How adorable. He is sending his Mum a definite message there


----------



## carol (Nov 2, 2007)

thats so cute


----------



## Vixie (Nov 17, 2007)

they are very cute hes, gorgeous and sends his love to all that meet him lol


----------



## Rraa (Apr 15, 2008)

How adorable is that!!! I want to kiss them ...


----------



## rottiesloveragdolls (Nov 2, 2007)

*wow how wonderful  they look gorgous  *


----------



## LousKoonz (Feb 9, 2008)

Oh wow, that's so lovely!!

I thought it was great that my new boy has a heart shaped nose but your boys ears top that one!!

they're so lush  xx


----------



## Saynamore (Feb 28, 2008)

Wow, that's some discovery  Its with his colouring behind the ears isnt it? I've had colourpoints but never noticed that before, nice one


----------



## Jen26 (Apr 22, 2008)

wow, hes stunning


----------



## Saynamore (Feb 28, 2008)

I've just been looking at my blue cream point girl's ears to see if they do that, lol, nope afraid not. So you got a special kitty there


----------



## happysaz133 (Jun 5, 2008)

They are gorgeous ears, and gorgeous cats!


----------



## ColeosMummy (Aug 27, 2008)

lovely ears. lovely cat x


----------



## Jo90 (Oct 4, 2008)

Beautiful and I did say Ahhhhh


----------



## Anik (Sep 17, 2008)

Ahhhhhhhh....
Love everything heart shaped.

And your boy is soooo beautiful.

Just one of the pictures from my Heart collection


----------



## Anik (Sep 17, 2008)

and these are not from my collection but I just love them



















And I still cannot take my eyes off his ears - so perfect, so soft and beautiful; everything is perfect - shape, color, texture...


----------



## ChinaBlue (Feb 3, 2008)

A real sweetheart!!!


----------



## Kaztee (Sep 29, 2008)

everyone!

Adore the heart shaped pics Anik, thanks for those!


----------



## Jacqui_UK (Oct 7, 2008)

WOW totally beautiful


----------



## bee112 (Apr 12, 2008)

aww I'm going to check Lola's ears later (my seal point girl) I hope she has heart ears lol


----------



## Kaztee (Sep 29, 2008)

bee112 said:


> aww I'm going to check Lola's ears later (my seal point girl) I hope she has heart ears lol


Pics please! Anyone finding out their cat has heart shaped anything please post some photos would love to see them.


----------



## bee112 (Apr 12, 2008)

Kaztee said:


> Pics please! Anyone finding out their cat has heart shaped anything please post some photos would love to see them.

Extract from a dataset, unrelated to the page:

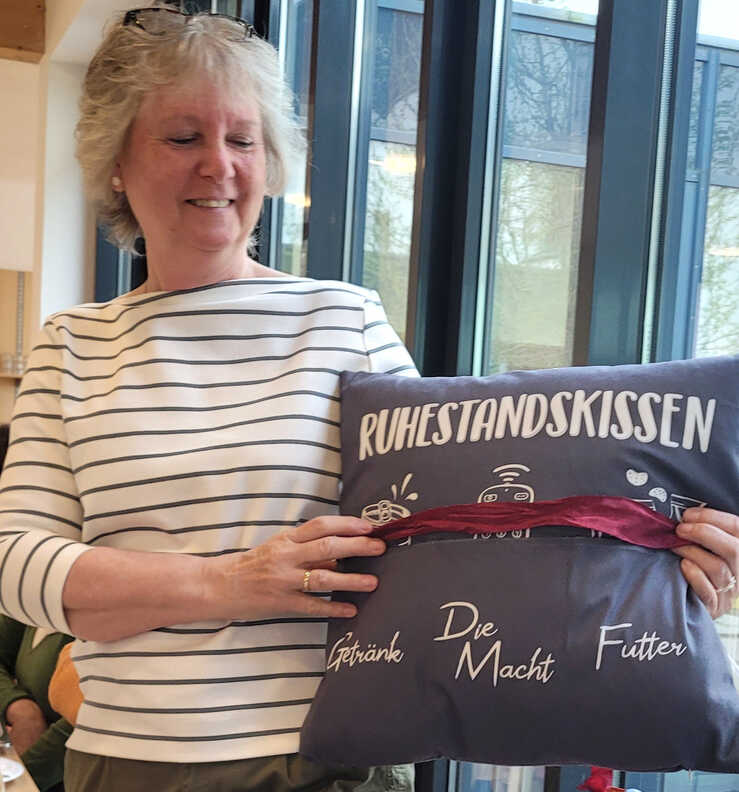 Marita Hämel mit Ruhestandsgeschenk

ha ha OK I'll check later lol


----------



## Kaztee (Sep 29, 2008)

bee112 said:


> ha ha OK I'll check later lol


Thanks Bee!


----------



## kancingbaju (Dec 18, 2008)

it is so cute, i wish i have a cat like that.....:thumbup:


----------



## MeezerMum (Dec 3, 2008)

Aaaaah how lovely! He should be called 'Valentine' :001_tt1::001_tt1:


----------



## MADCAT (Nov 21, 2008)

How lovely. xx


----------



## Angel44 (Feb 11, 2008)

How cute is that! Definately a distinguishing feature :biggrin: Lovely cats and great pics.


----------



## Ginny (Dec 22, 2008)

That is just so cute.


----------